Taping for Osgood Schlatters Disease

We demonstrate a simple Osgood Schlatter taping technique can be used to support the patella tendon in the same way a patella brace works.

Osgood Schlatters Taping

The following guidelines are for information purposes only. We recommend seeking professional advice before beginning rehabilitation.

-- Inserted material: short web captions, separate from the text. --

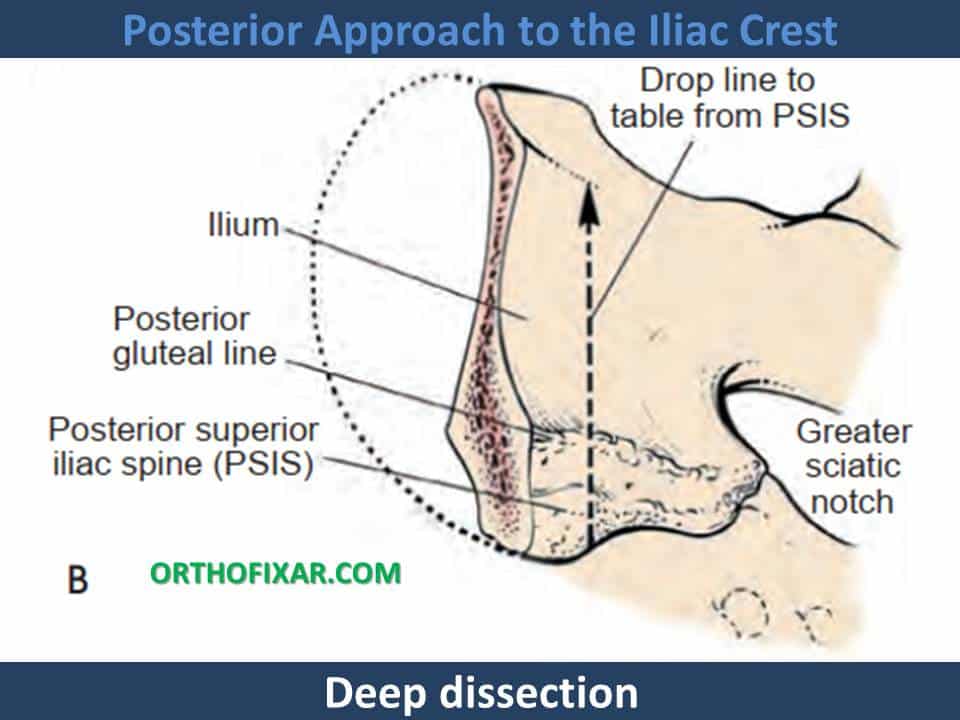 Posterior Approach to the Iliac Crest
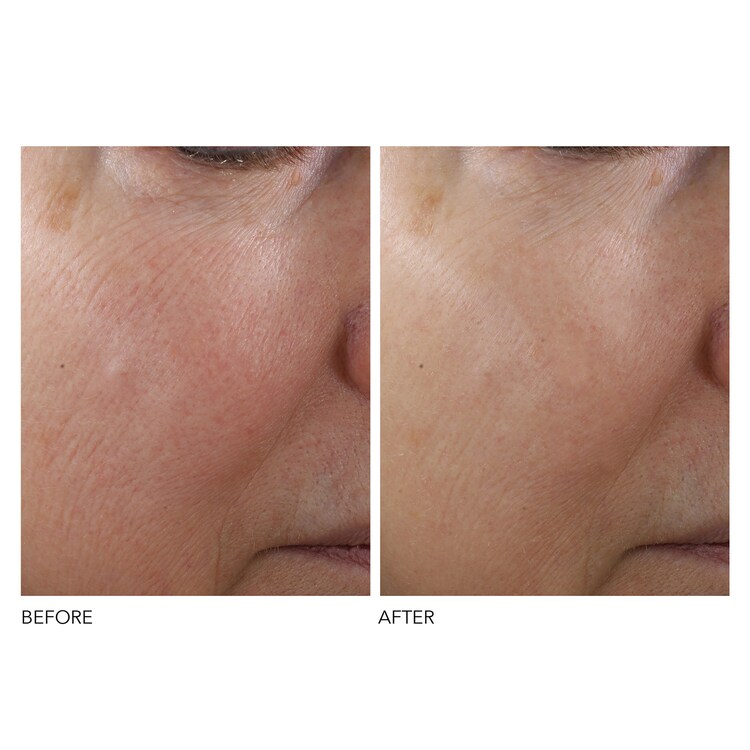 Advanced R + F Texture Renewal - Serum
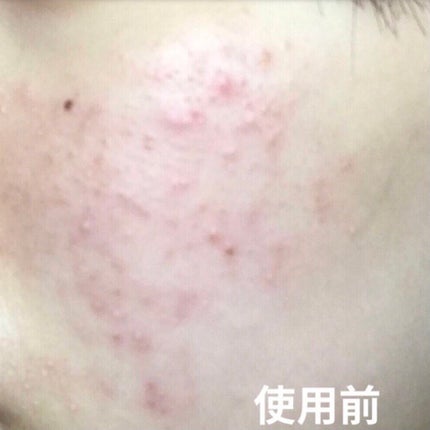 ドクタージャルト シカペア クリーム (第2世代)/Dr.Jart+/フェイスクリームを使ったクチコミ(2枚目)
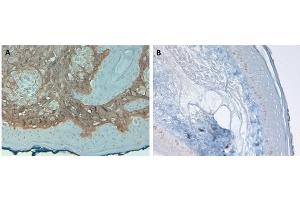 Immunohistochemistry (IHC) image for anti-Collagen, Type I, alpha 1 (COL1A1) antibody (FITC) (ABIN5596822)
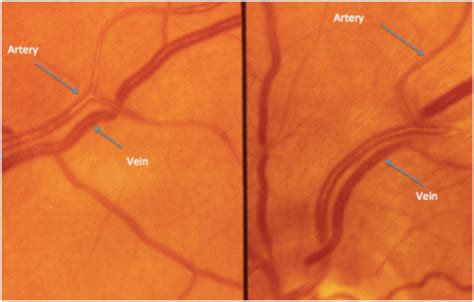 Retinal Vein Occlusions Retina Specialists Victoria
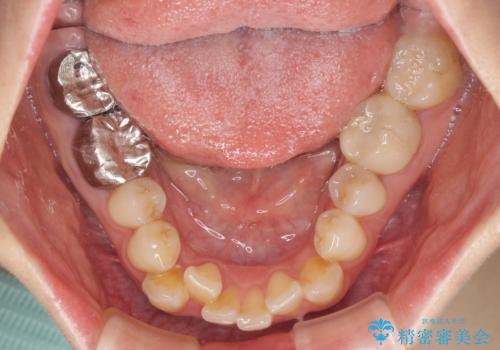 【モニター】前歯のデコボコと奥歯の虫歯　インビザライン治療と奥歯のセラミック治療の治療前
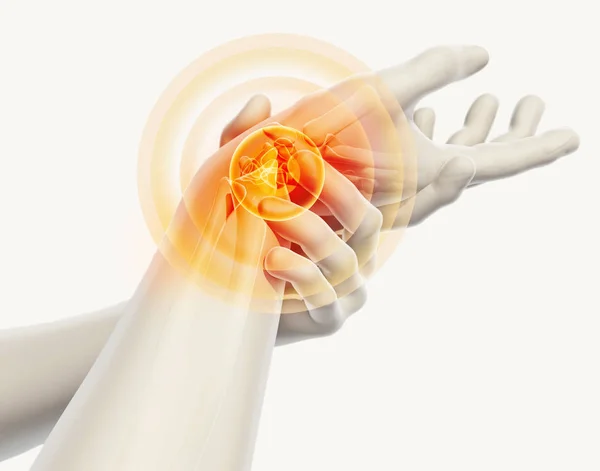 腕关节痛苦-骨骼 x 射线. — 图库照片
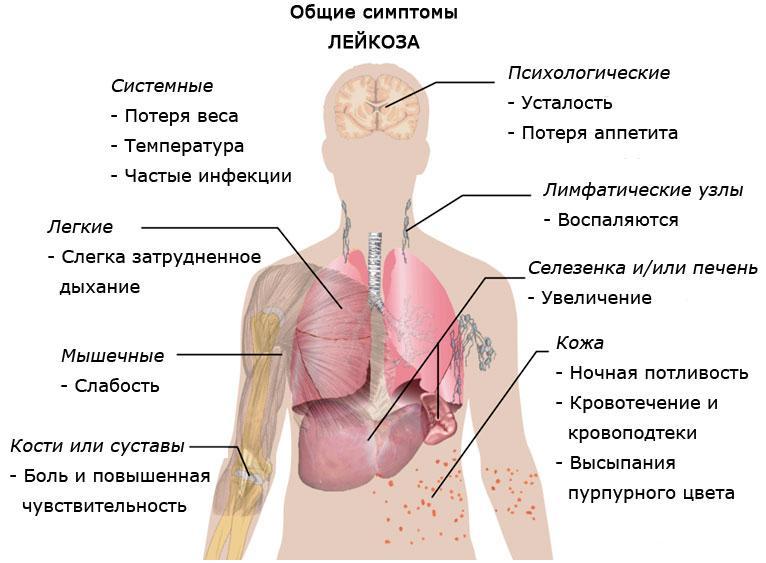 Майкл Грегер: Как не умереть от рака крови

Taping Osgood Schlatters is a great way to relieve symptoms and help the athlete in their transition from injury back to normal function. The aim of this taping is to provide support to the patella tendon and take some of the stress of the tendon insertion into the shin bone (tibia).

What is required?

  • Osgood Schlatter tape needs to be 3.8 cm (1.5 inch) non-stretch zinc oxide tape or 5 cm (2 inch) elastic tape. Some athletes may prefer one, some the other depending on amount of support required. The elastic tape may be more comfortable in some cases as it allows for muscles to expand during exercise.

Step 1

  • Sit the athlete on the floor with the knee bent to 90 degrees.
  • A small amount of underwrap may be applied around the knee for comfort and to stop the tape pinching. Or if the leg is particularly hairy then it may be best to shave the leg where the tape will be applied.

Step 2

  • Starting on the outside of the leg pass the tape just under the lower pole (bottom) of the patella and around the back of the knee.

Step 3

  • As the tape passes around the front of the knee the seconds time it is twisted to give extra support. Continue wrapping the tape around the knee a couple of times.

Step 4

  • Apply one final wrap around the knee without twisting the tape as it passes under the patella.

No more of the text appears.